How much do you know about the Indigenous presence at UVic?

A new Fine Arts Orange Shirt Day contest is designed to help you learn more while having fun exploring the campus—and possibly win a fantastic prize!

Created by Karla PointIndigenous Resurgence Coordinator for the Faculty of Fine Arts—the Orange Shirt Day scavenger hunt will encourage us all to learn more about the Indigenous presence on campus.

Awareness & activities

The contest runs September 27-October 8 and is part of UVic’s overall observance of the first National Day for Truth and Reconciliation on September 30: a day set aside to commemorate the history and the ongoing tragic legacy of the Indian Residential Schools in Canada.

“The truth is that these institutions were set up to acculturate, assimilate and near annihilate the Indigenous Peoples,” says Point. “To move towards true reconciliation, more about the truth needs to be known.”

Karla Point

How to play

Point hopes the contest will help everyone in Fine Arts be more aware of UVic’s Indigenous connections. “This scavenger hunt is intended to create more awareness of the presence of Indigenous people on campus,” she says, “and to tweak your interest so that you will want to know more.”

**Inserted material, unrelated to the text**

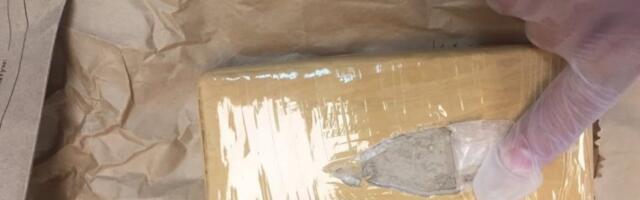 ZAPLENJENO POLA KILOGRAMA HEROINA U VRANJU! Uhapšen muškarac (65), ovo su detalji policijske akcije!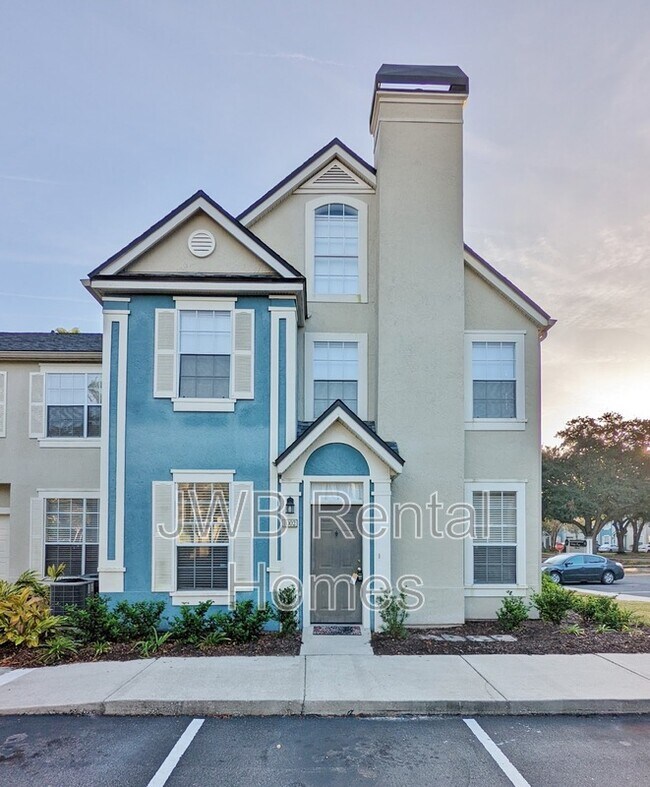 Building Photo - 13700 Richmond Park Dr N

You can pick up the scavenger hunt contest from the entry box in the Fine Arts lobby or download a PDF of it here. You’ve got until October 8 to answer the 20 questions and drop the completed form back in the box.

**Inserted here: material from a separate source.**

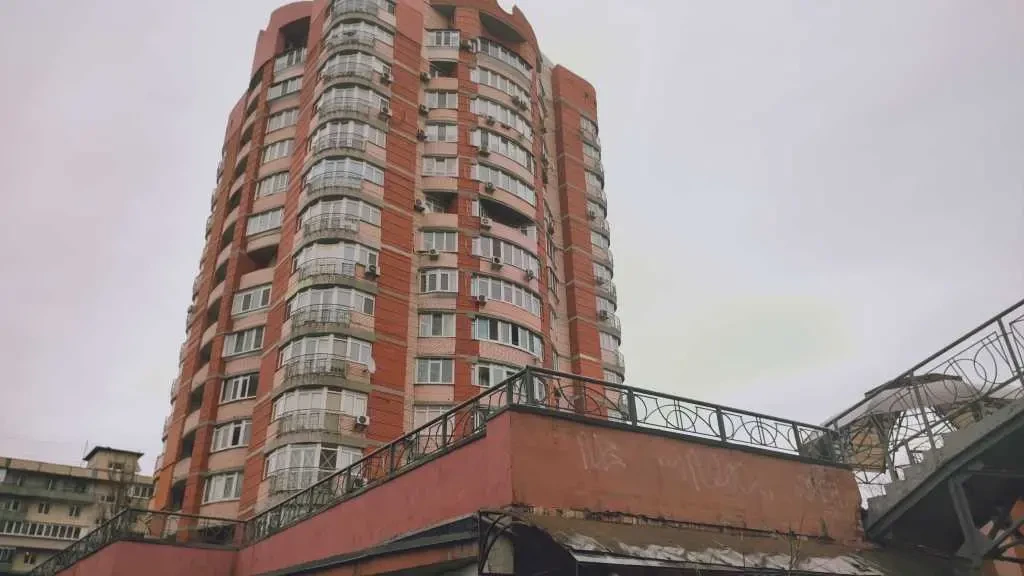 підземний паркінг Київ, Деснянський, Кубанської України  33а 10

All completed contest forms will be entered into a draw for a traditional cedar hat—handmade by Karla Point herself.

Note: this contest is only open to students, faculty and staff of the Faculty of Fine Arts.

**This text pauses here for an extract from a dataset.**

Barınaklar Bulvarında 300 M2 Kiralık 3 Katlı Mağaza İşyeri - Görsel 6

Win this woven cedar hat, handmade by Karla Point

About Karla Point

Point—whose traditional Nuu chah nulth name is Hii nulth tsa kaa—attended the Christie Indian Residential School on Meares Island for 15 months in the 1960s, before being withdrawn from the school by her parents.

Previously the cultural support liaison with UVic’s Faculty of Law, Point has also been a reconciliation agreement coordinator with the Sts’ailes Nation, a First Nations program coordinator with Parks Canada, and a treaty negotiator and elected councillor for the Hesquiaht First Nation.

Want to reach out to Karla Point in her role as the Indigenous Resurgence Coordinator for Fine Arts? Contact her at kpoint@uvic.ca.

Enter to win in the Fine Arts lobby

Update!

Our contest winner is undergraduate Art History & Visual Arts student Alexie Pusch, seen here both with her winning hat and with contest organizer Karla Point and Fine Arts administrative assistant Olivia Hardman.